Hello Ralesk, welcome to Wikipedia. I hope you enjoy editing here and being a Wikipedian. You can learn more on the how to edit page. The naming conventions and manual of style pages are also useful. Feel free to experiment at the Wikipedia:Sandbox. If you have any questions about the project then check out Wikipedia:Help or add a question to the Village pump. Angela

Thank you, Angela. I'll try ^_~ -- Ralesk

Hi Ralesk. Check m:user:grin, hu:Kezdolap :-) --grin 22:11 8 Jul 2003 (UTC)

Squee! -- Ralesk

Thanks for telling me. I was relying on the ZRCE language guesser which told me it was Hungarian. I shall try and find someone at cs: to help. Angela 01:10, Oct 12, 2003 (UTC)

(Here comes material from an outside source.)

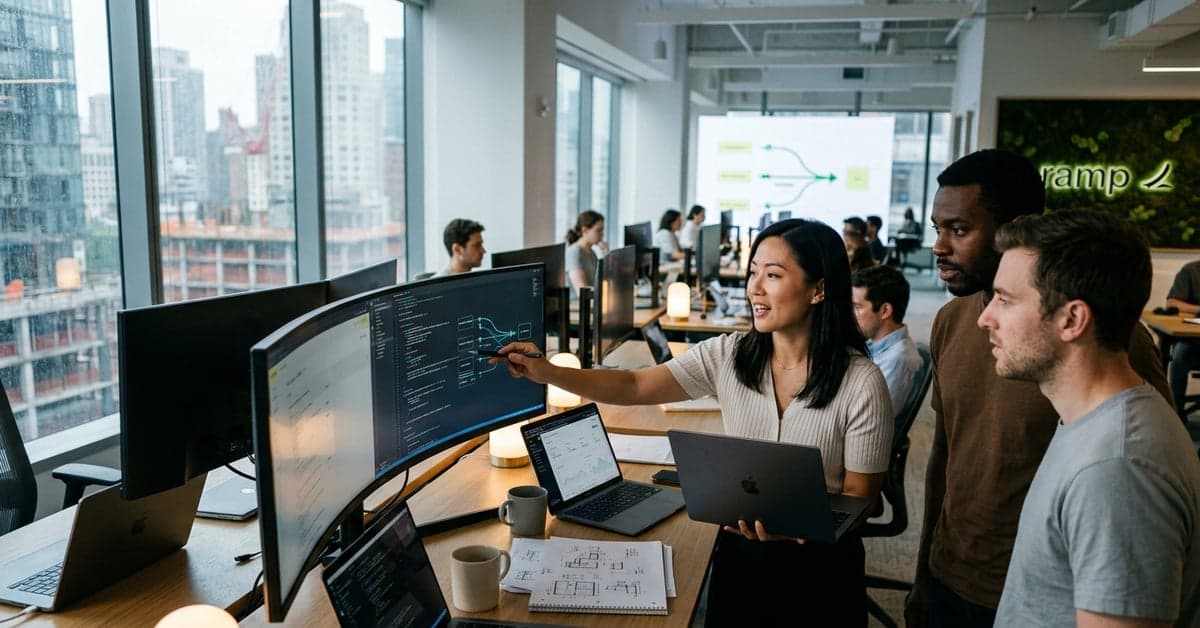 Why Ramp Router could shift AI spend for finance teams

Hi Ralesk. I think I know you from LiveJournal, I'm njyoder. I'm the one who asked some questions about restoration and I think you replied in my journal in an abortion pride post. I came across you when looking for a list of obscure fetishes. I saw the foreskin fetish one and went into look at the dicussion and to my surprise I saw you there. I had added a comment to say that fetishes like that should be under an entry called "cultural fetishes."

Not to my surprise the rabid pro-circ zealot Robert was there. I might have contributed to some circumcision articles, but I decided I don't really care enough to get involved in silly edit wars with an psychotic zealot. Seriously, doesn't he have something better to do than pervert Wikipedia articles?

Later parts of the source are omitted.